What is Critical Literacy?

Dyson (2000) defines critical literacy as continuing process of learning that enables students to use speaking, thinking, reading, writing, listening to, evaluating and effectively constructs meaning, interact, and communicate in real-life situations. Students are continually learning, reflecting, thinking, and assume responsibility for continuing to grow and develop their literacy. According to Anderson (1994) literacy development starts at birth and is formed by cultural values and beliefs, prior knowledge, and social interactions. When students are trying to process new information they use prior knowledge to build a foundation to solve problems, share ideas and meaningful construction, to build development.

It is important to make sure that the next generation has literacy skills to survive and thrive in the 21st century. Tests will continue to be important gauges of student’s abilities to use English; standardized vocabulary and comprehension tests show that basic skills are learned well when literature is plentiful and times to write imaginatively are frequent. Critical literacy can also have a dramatic effect on writing. Students who read books, with well developed literacy elements, write with higher quality, use more complex sentences, use more variety of literacy forms (genre) , and include a greater range of poetic devices (rhythm, rhyme, repetition, alliteration) (Dressell, 1990).

What is the Significance of Critical Literacy as it relates to Adolescents?

Critical literacy is significant because it provokes higher order thinking. Students must use higher order thinking skills (HOTS) to analyze and make sense of these problems (Moll, 1994). Techniques such as put your thumb up when you find the problem engage analytic thinking, and students can be guided through the creative problem-solving process to gather data and brainstorm solutions. Such predications increase active engagement and encourage the creative problem solving skills necessary for family living and workplace success.

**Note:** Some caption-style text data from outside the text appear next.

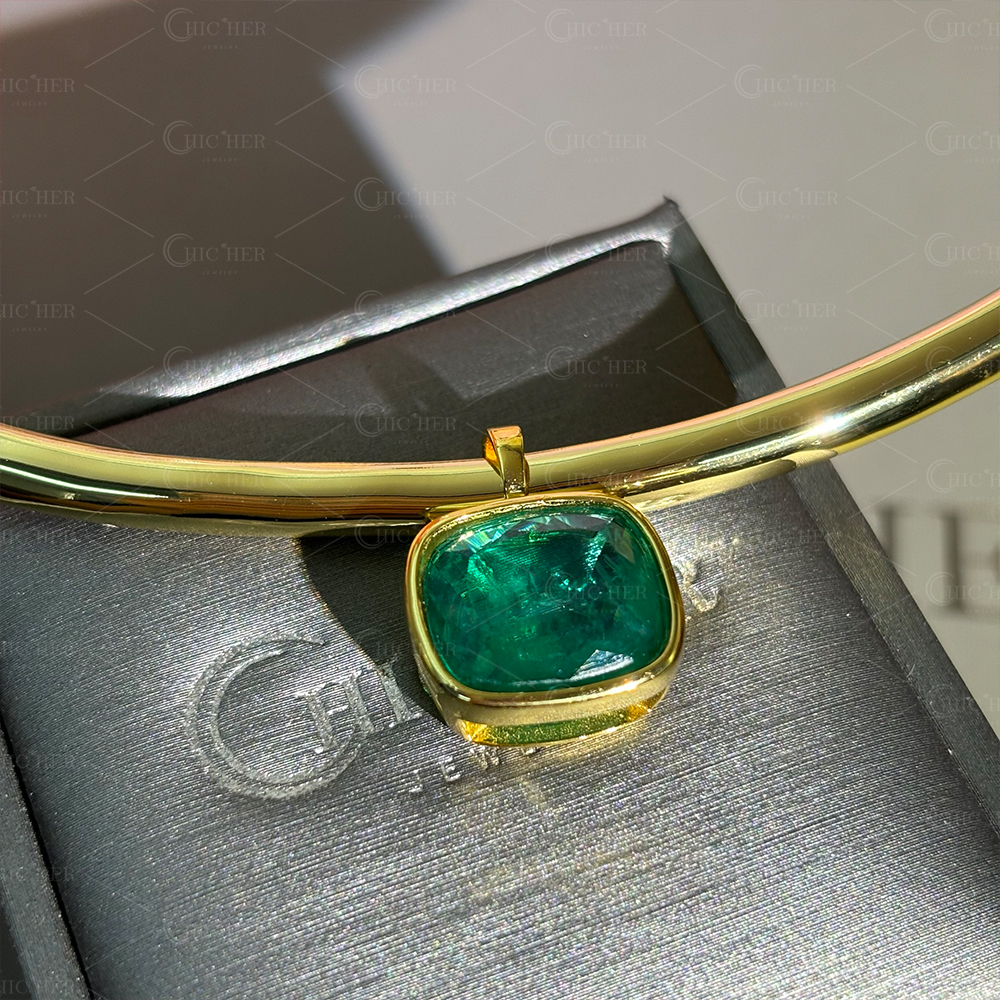 Cushion Cut Emerald Sapphire Choker Necklace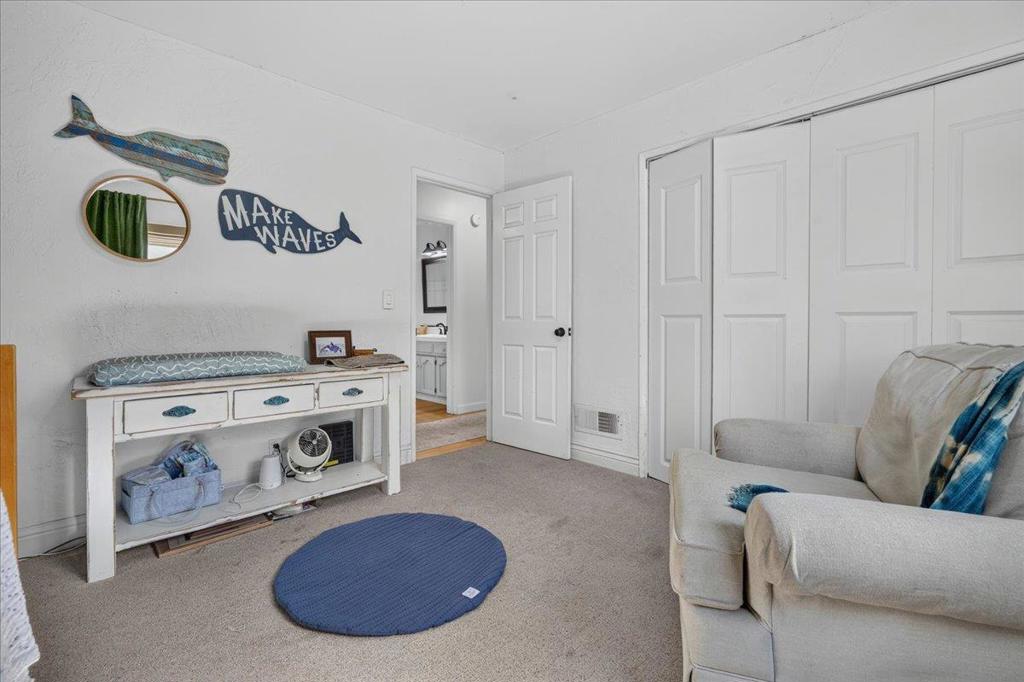 1194 Loyola Drive Property Photo 32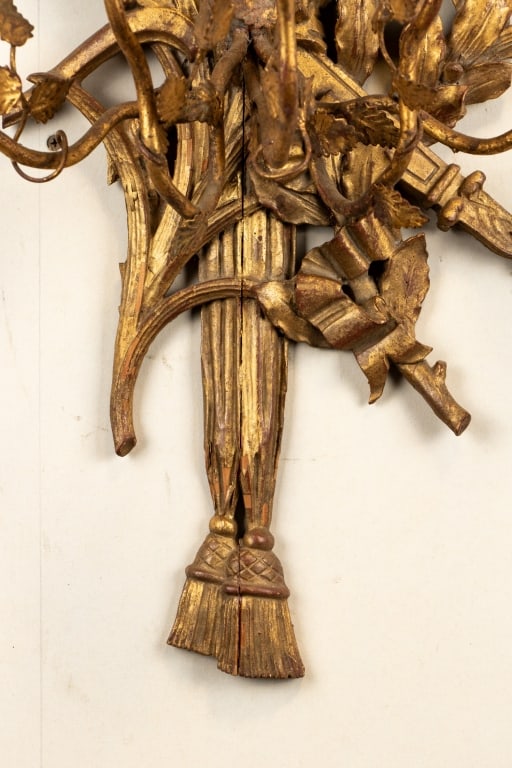 20TH CENTURY FRENCH GILT WOOD WALL SCONCE - 4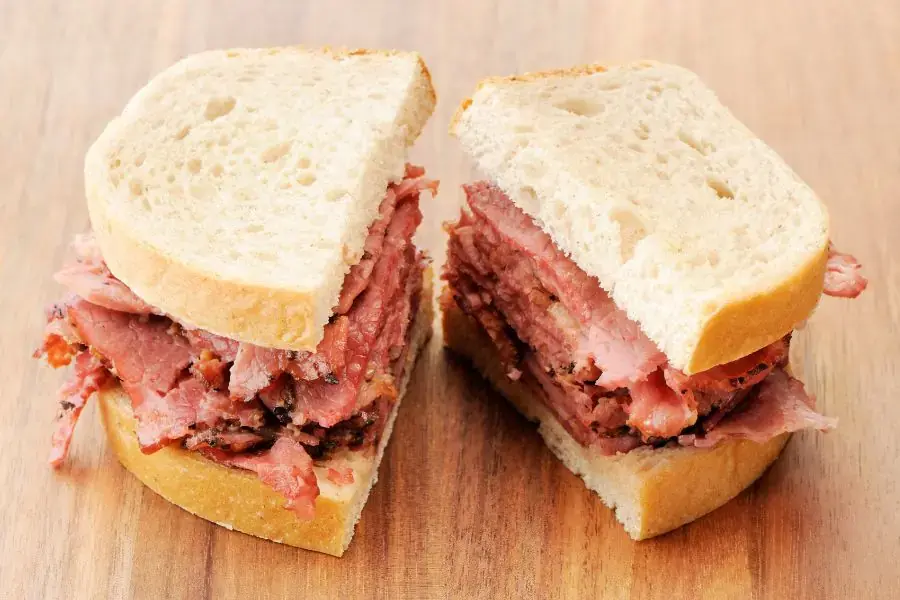 Bữa sáng hoàn hảo với sandwich kẹp thịt hun khói áp chảo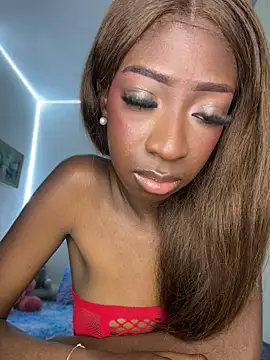 Snapshot of SpicySweetie chatting on May 14, 2026, 9:43 pm SpicySweetie online show from May 14, 2026, 9:43 pm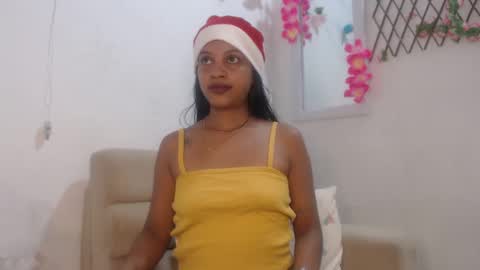 Snapshot of alana_2024 chatting on December 22, 1:23 am Working hours  pm to  am every day online show from December 22, 1:23 am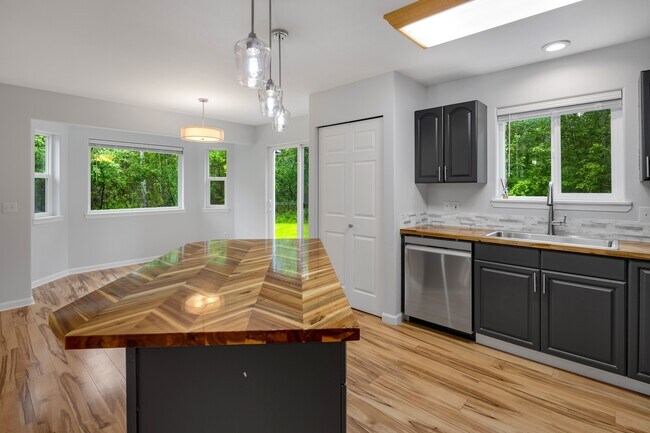 Building Photo - 6977 W Blondell Dr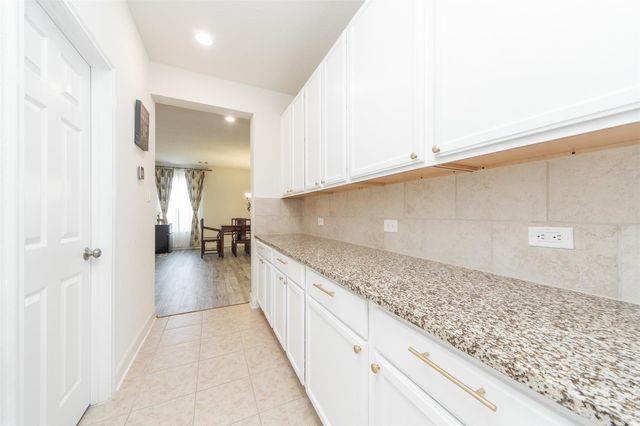 15406 Easton Gate Lane, Houston, TX 77044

Critical literacy creates inferences that help students connect the ideas behind the words, comprehend, and analyze. Critical literacy help students understand style as well as to examine how words are used in special ways: Figurative language is the use of words to stand for other things: Imagery: appeals to the five senses of smell, hearing, taste, feel or texture, and vision. Such language triggers concrete images that engage a reader or listener. Metaphors: are comparisons that create mental images because they connect something familiar with something less familiar. Alliteration: the repetition of the same sound in a series of words. It refers to beginning sounds. Assonance: the repletion of vowel sounds any place in a series of words. Personification: giving of human traits, such as feeling, actions, and the ability to speak, to animals or objects (Moll, 1994).

Conclusion
The literacy experience extends beyond the text as students explore additional ideas that grow from their responses when the teacher can get students to stretch and explore, into new areas of experience, the literature will have served its purpose well, and the students would have grown as a result. When students are learning to respond critically they are like any artist just starting out; they are afraid they won’t get it right. But fresh new ideas do not flow from a mind fixed on right answers. It is important to get students to share examples, ask questions to model critical literacy. Creativity is also encouraged by giving choices.

References
Anderson,, R. (1994). Role of the Reader’s Schema in Comprehension, Learning, and Memory. In Ruddell, R. B., Ruddell, M. R., Singer, H. (Eds.). Theoretical models and processes of reading, 4th ed. (pp.469-482). Newark, DE: International Reading Association.
Dressel, J. (1990). The effects of listening to and discussing different qualities
Of children’s literature on the narrative writing of fifth graders. Research
In the Teaching of English, 24, 397-414.

Dyson, A. (2000). Writing the Sea of voices: Oral Language In, Around, and About
Writing. In Indrisano, R., & Squire, J. R. Perspectives on writing: Research,
theory, and practice. (pp. 45-65). Newark, DE: International Reading
Association.

Moll, L. (1994). Literacy Research in Community and Classrooms: A Sociocultural
Approach. In Ruddell, R. B., Ruddell, M. R., Singer, H. (Eds.). Theoretical models and processes of reading, 4th ed. (pp. 179-207). Newark, DE: International Reading Association.